What you’re testing for. There are then three key performance aspects that you will want to assess as part of your testing process, namely
Consistency. This is the most straightforward aspect to test. You’ll want first to confirm that the same search string delivers up the same results for the same user over time. In other words, the fact that a search on Day 1 was satisfactory is insufficient in and of itself. You’ll want to confirm that on Days 5 and 10 your engine delivers the same result, in the same order (not including, of course, new content that has been indexed in the meantime).
Second, you’ll want to ensure that users with the same profile get the same results regardless of where or how they are logged on (in other words, whether they are on different desktops or in different offices). Note also that if you have adjusted the weighting according to the user profile, you have to be very careful to ensure that you compare apples to apples.
Speed. Testing for speed is more difficult, since most users will assume that Google is the benchmark and that they should be getting results in nanoseconds. Here’s where you’ll need to manage expectations.
I understand that response times for enterprise search generally tend to range somewhere between five and seven seconds (although longer, of course, if the user is logging in remotely). If this is your first enterprise search implementation, however, users will likely be delighted with those sorts of speeds if they are getting good, solid results. Ultimately, though, most of your legal professionals look only to the relevance of the results returned when judging your search engine.
Relevance. Relevance is the most difficult aspect to test properly prior to launch. As noted above, you will want to establish use cases of the different categories of searches that you anticipate your users will be conducting after launch. The difficulty, of course, will be trying to assess in advance what those categories of search will be and what particular queries your typical users will run.
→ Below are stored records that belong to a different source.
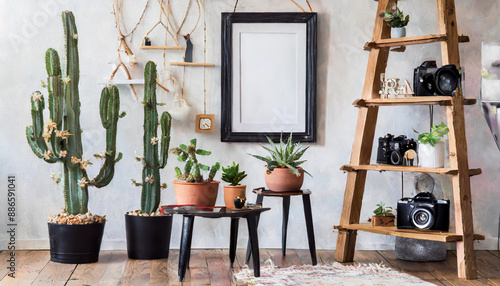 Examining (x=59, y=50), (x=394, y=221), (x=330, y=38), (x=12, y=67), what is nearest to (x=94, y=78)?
(x=59, y=50)

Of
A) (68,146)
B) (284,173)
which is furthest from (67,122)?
(284,173)

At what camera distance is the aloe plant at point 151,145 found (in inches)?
134

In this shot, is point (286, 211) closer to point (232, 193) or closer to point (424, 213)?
point (232, 193)

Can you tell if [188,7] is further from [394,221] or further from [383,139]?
[394,221]

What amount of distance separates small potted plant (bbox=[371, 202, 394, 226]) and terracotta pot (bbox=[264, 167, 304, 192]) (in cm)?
60

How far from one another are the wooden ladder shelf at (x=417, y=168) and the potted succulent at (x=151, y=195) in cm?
105

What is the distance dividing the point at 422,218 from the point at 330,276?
0.64m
At this point, it may be useful to note the difference between relevance and precision in search testing. The best description of the difference between the two that I have read is the following, from an article entitled Testing Search for Relevancy and Precision, by John Ferrara:
Precision is the ability to retrieve the most precise results. Higher precision means better relevance and more precise results, but may imply fewer results returned. For a query, recall means the ability to retrieve as many documents as possible that match or are related to a query.
Recall may be improved by linguistic processing such as lemmatization, spell-checking, and synonym expansion. In information retrieval, there’s a classic tension between recall and precision. Specifying more recall (trying to find all the relevant items), you often get a lot of junk. If you limit your search trying to find only precisely relevant items, you can miss important items because they don’t use quite the same vocabulary.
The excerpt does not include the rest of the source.